> **DIRECTIONS FOR THIS TASK**: Repeat the data that follows verbatim. Images are not part of the copy.

> **DATA BLOCK**:
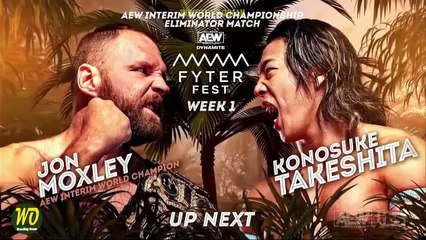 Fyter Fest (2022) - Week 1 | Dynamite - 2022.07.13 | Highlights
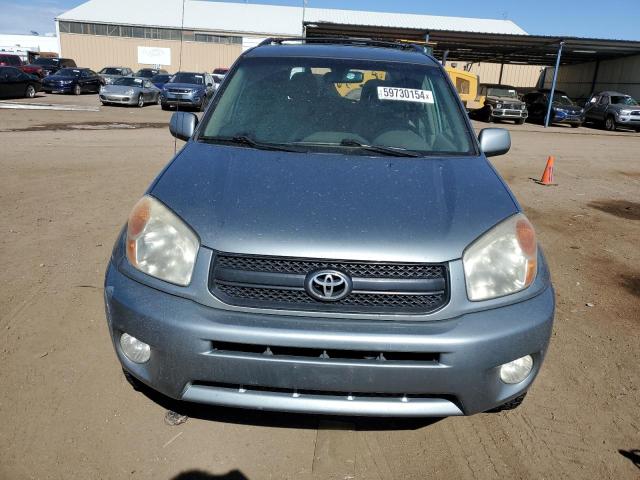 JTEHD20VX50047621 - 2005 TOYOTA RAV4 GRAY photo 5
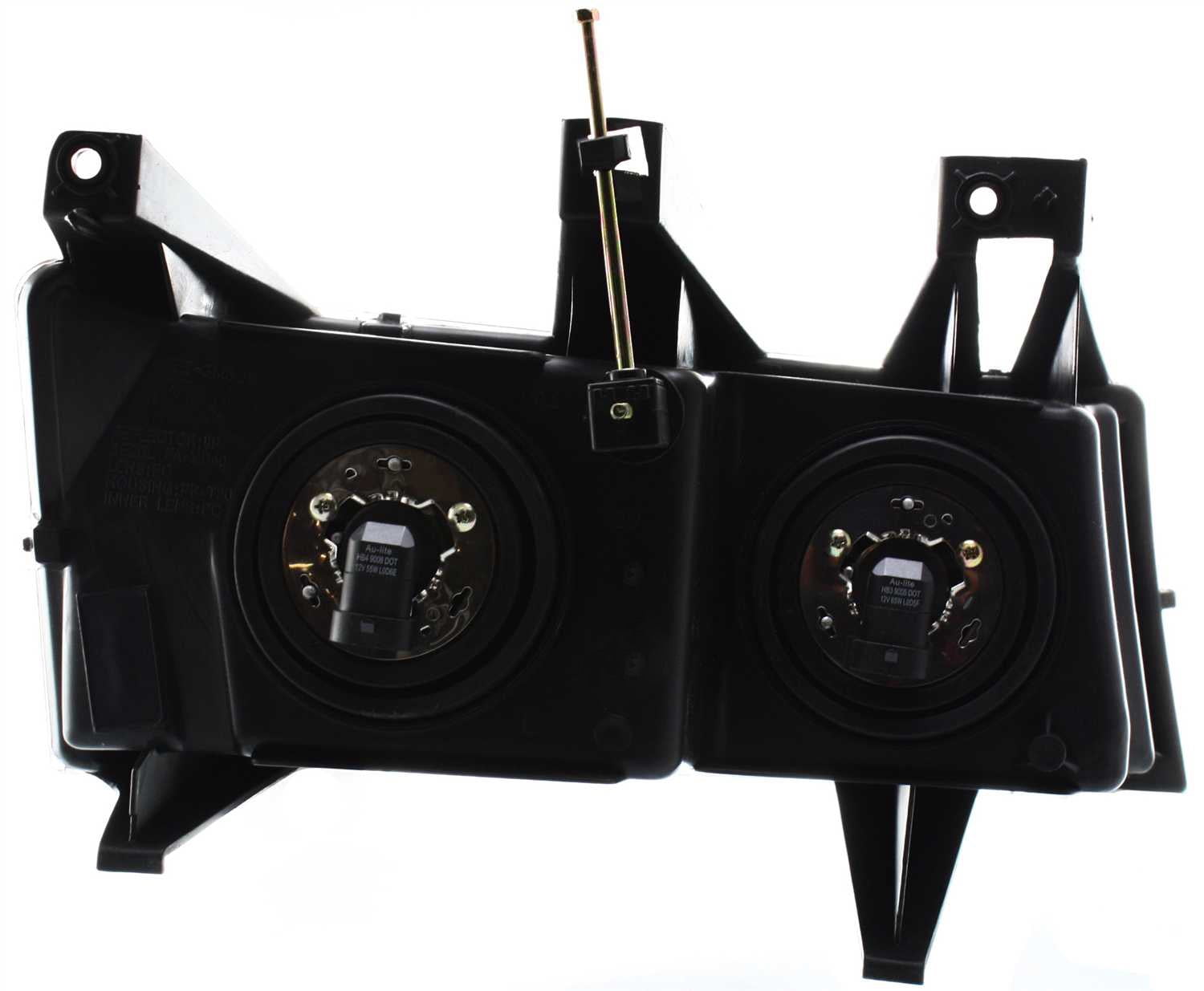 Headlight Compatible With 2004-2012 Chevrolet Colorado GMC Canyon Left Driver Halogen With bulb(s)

> **WRITTEN ANSWER**:
 Fyter Fest (2022) - Week 1 | Dynamite - 2022.07.13 | Highlights
 JTEHD20VX50047621 - 2005 TOYOTA RAV4 GRAY photo 5
 Headlight Compatible With 2004-2012 Chevrolet Colorado GMC Canyon Left Driver Halogen With bulb(s)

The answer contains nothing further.